There is one thing to watch out for when you execute from work RAM, you might have seen this already, but it is surprisingly common to find code that writes to zeropage with absolute mode. So they'll do something like STA $0000 / LDA ($00,y). But with direct register page allowed in bank zero only, and the data bank register being in WRAM, $00 and $0000 are different places. In my NSF player, I had to patch that code manually. In the NSF it was usually just 1 or 2 spots where that would happen, but there was at least one game where every single ZP access was in absolute mode (I didn't even bother with that one).
Thanks Memblers, I was not expecting this behaviour. I must look at this.
As I understand it, that can be worked around by running the NES program from bank $7E, as $000000-$001FFF is a mirror of $7E0000-$7E1FFF.
One plausible scenario is to assign to X and Y the indices of two elements in the same array and access one element with dd,X and the other with aaaa,Y, as the 6502 lacks dd,Y mode for most instructions that aren't LDX/STX.
Maybe it could work if using bank $7E. The lower 8KB of bank $7E is the same ram as the $00 bank. And I use $7E as data and program bank. I converted the following code (using the nes palette test rom) and it works:
Code:
lda $918
ldy #$00
lda #$CC
sta $0000
lda #$34
sta $00CC
lda #$00
lda [$00], y
It loads $34 from $00CC in A ($918 is my breakpoint address).
I am close to fix the audio, I may have forgotten some IO request in the $7E bank.
Pacman passes on WRAM, it plays sound.
I tested upernes from a fresh clone and it works (on needs to write the indirect jumps and then disable the tests on them, but once this is done, it works).

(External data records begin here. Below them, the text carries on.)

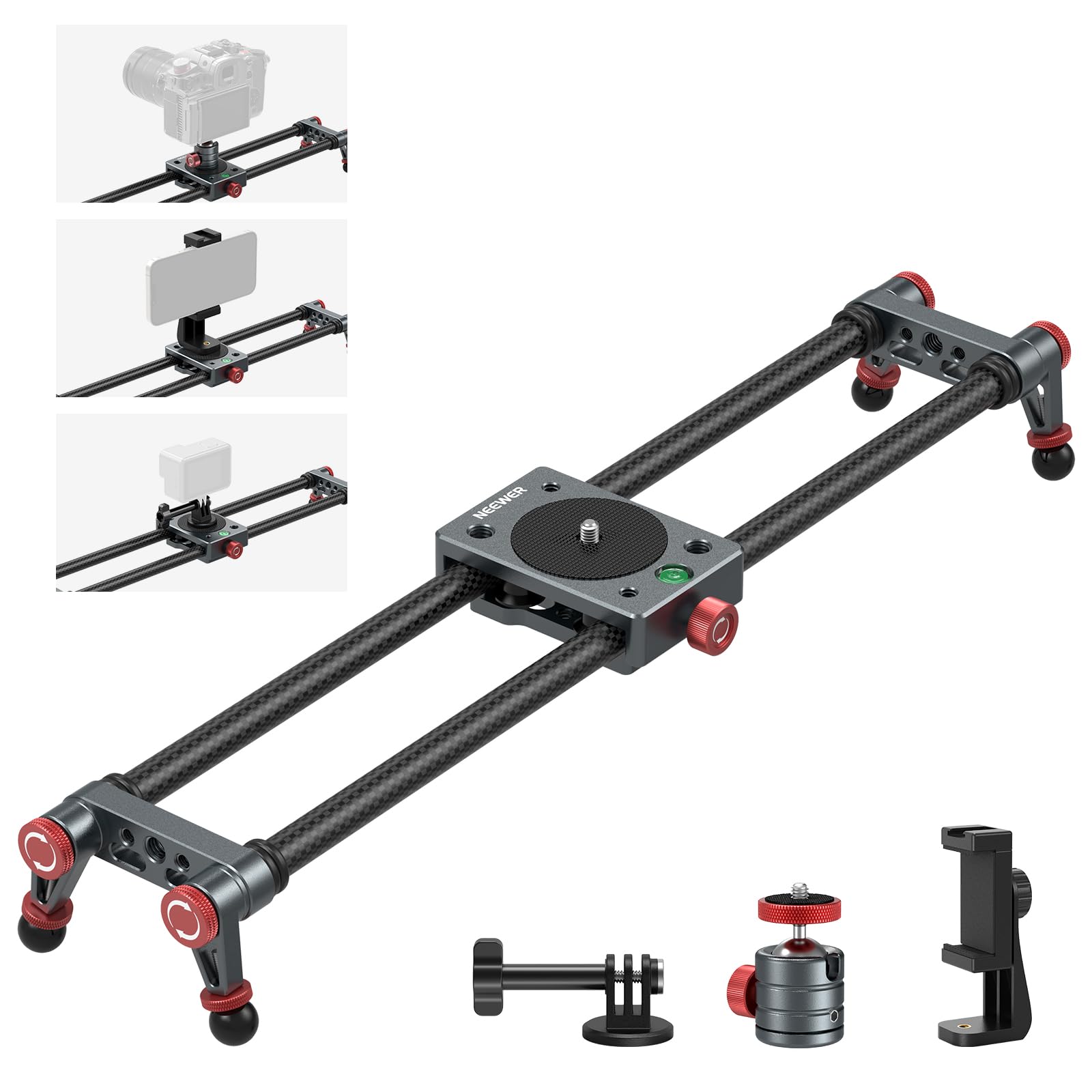 Cámara Slider Neewer Cs1m De Fibra De Carbono De 40 Cm Con Accesorios - Venta Internacional.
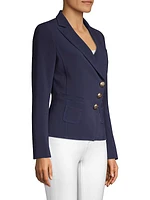 Single-Breasted Wrap Blazer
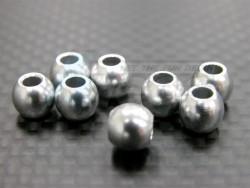 HPI Savage X Aluminum Balls For Sax13170, SAX13170A, SAX13170B Dampers - 8 Pcs Set Silver by GPM Racing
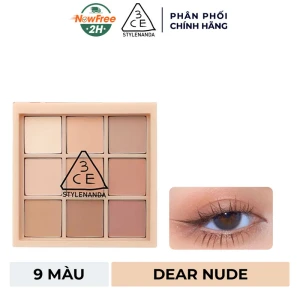 Bảng Phấn Mắt 3CE Multi Eye Color - Dear Nude 8.5g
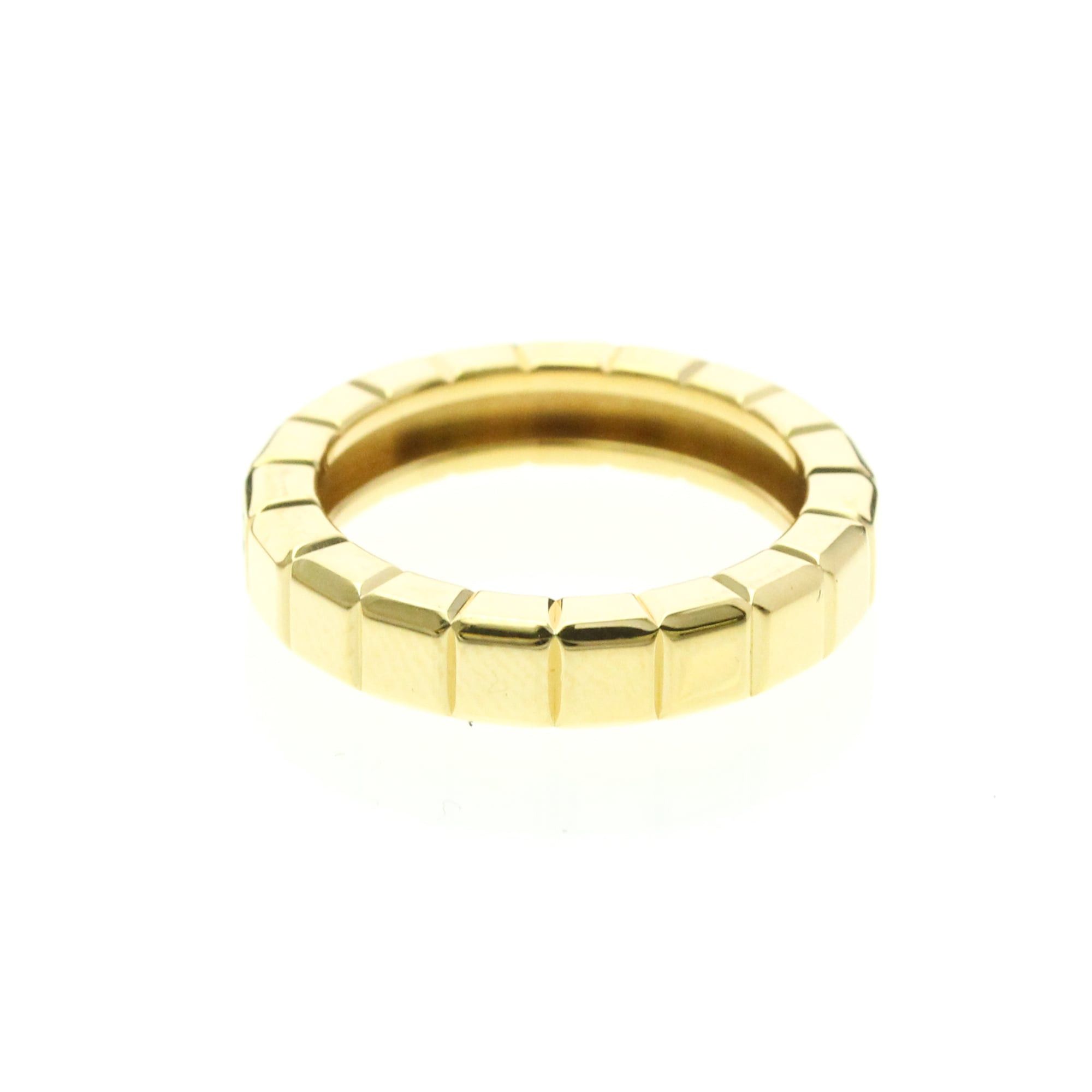 Chopard Chopard Ice Cube Ring 82/3789 Yellow Gold (18K) Fashion Diamond Band Ring Gold Size ONE SIZE - 2 Thumbnail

Sound is a little weird however, like when I first integrated it. But it plays more sounds than by using the IO patching method. I assume it is because it missed sound IO accesses when disassembling and now it is read from the WRAM at $4000. Maybe I should do a video to show the problem, not today however.
I was thinking about using upernes on NSF files. If they are like maper zero roms, it should work?
If all the starting bank number bytes are 0, then it's essentially the same as NROM, except:
- Valid data starts at the load address instead of $8000.
- Init ends with RTS instead of forever: JMP forever.
- Play ends with RTS instead of RTI.
- Audio registers and RAM outside the stack need to be initialized.
Thanks tepples. Hence it is mapper 0, upernes could be adapted to work with this. It would help to improve upernes sound accuracy (it actually does not work very well).